→ **Stored items**:
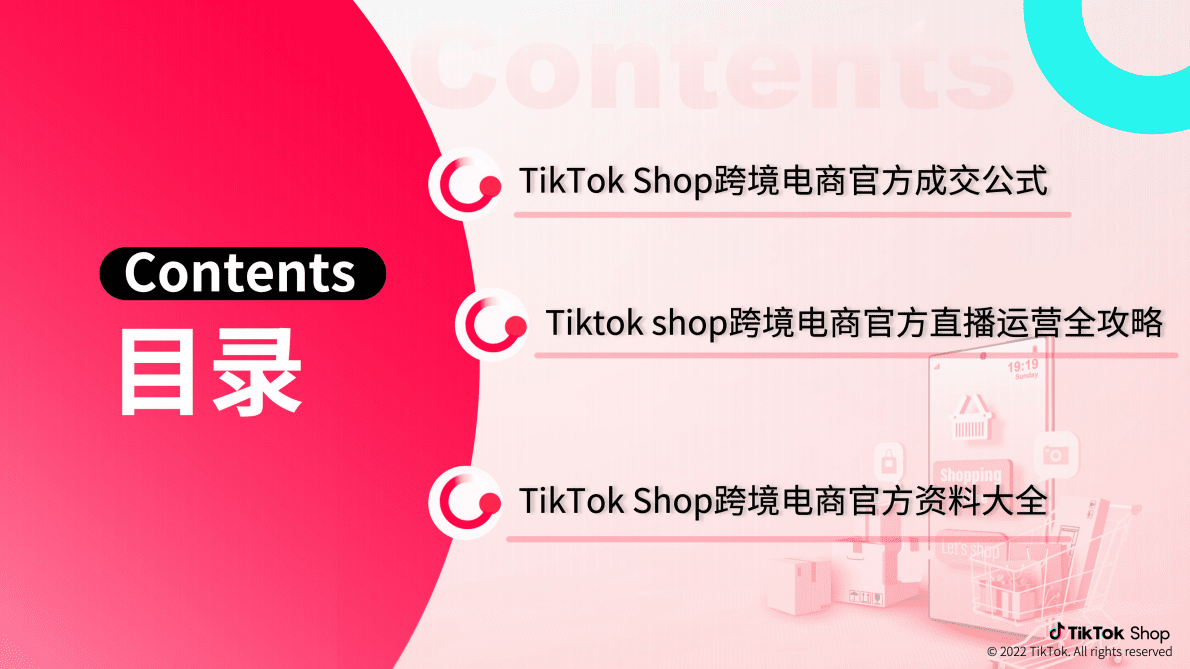 TikTok Shop：跨境电商官方综合运营手册&mdash;&mdash;直播篇 第2页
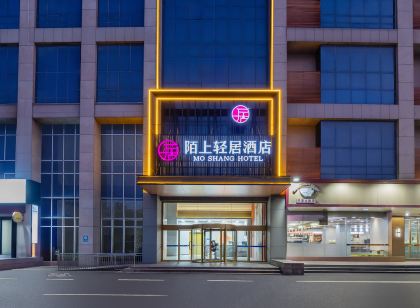 陌上輕居飯店（東營廣饒銀座商城店）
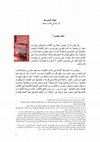 Research paper thumbnail of أخيلة المتوسّط pdf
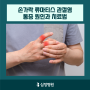 손가락 류마티스 관절염 통증 원인과 치료법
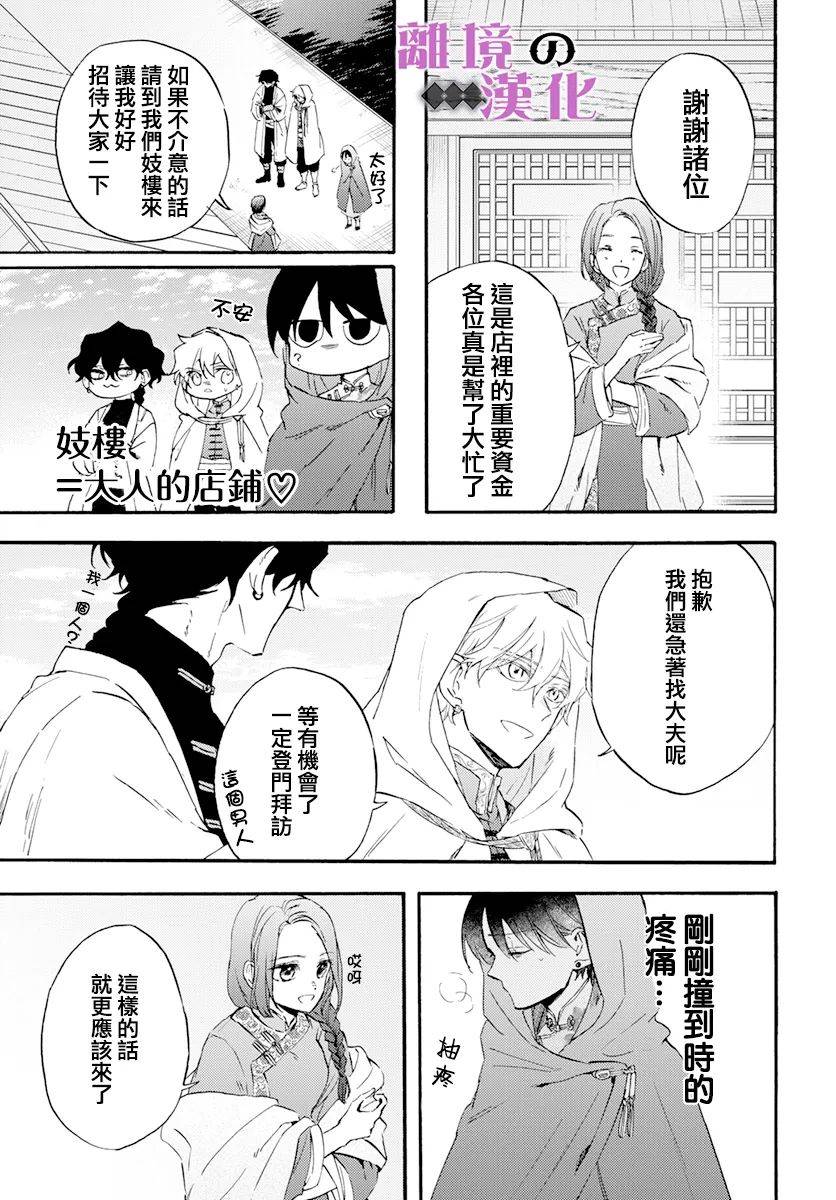 《龙皇的影姬》漫画最新章节第14话 神の药免费下拉式在线观看章节第【21】张图片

→ **Task prompt**: Could you transcribe the records above exactly, leaving every picture out?

→ **Answer to this exercise**:
 TikTok Shop：跨境电商官方综合运营手册&mdash;&mdash;直播篇 第2页
 陌上輕居飯店（東營廣饒銀座商城店）
 Research paper thumbnail of أخيلة المتوسّط pdf
 손가락 류마티스 관절염 통증 원인과 치료법
 《龙皇的影姬》漫画最新章节第14话 神の药免费下拉式在线观看章节第【21】张图片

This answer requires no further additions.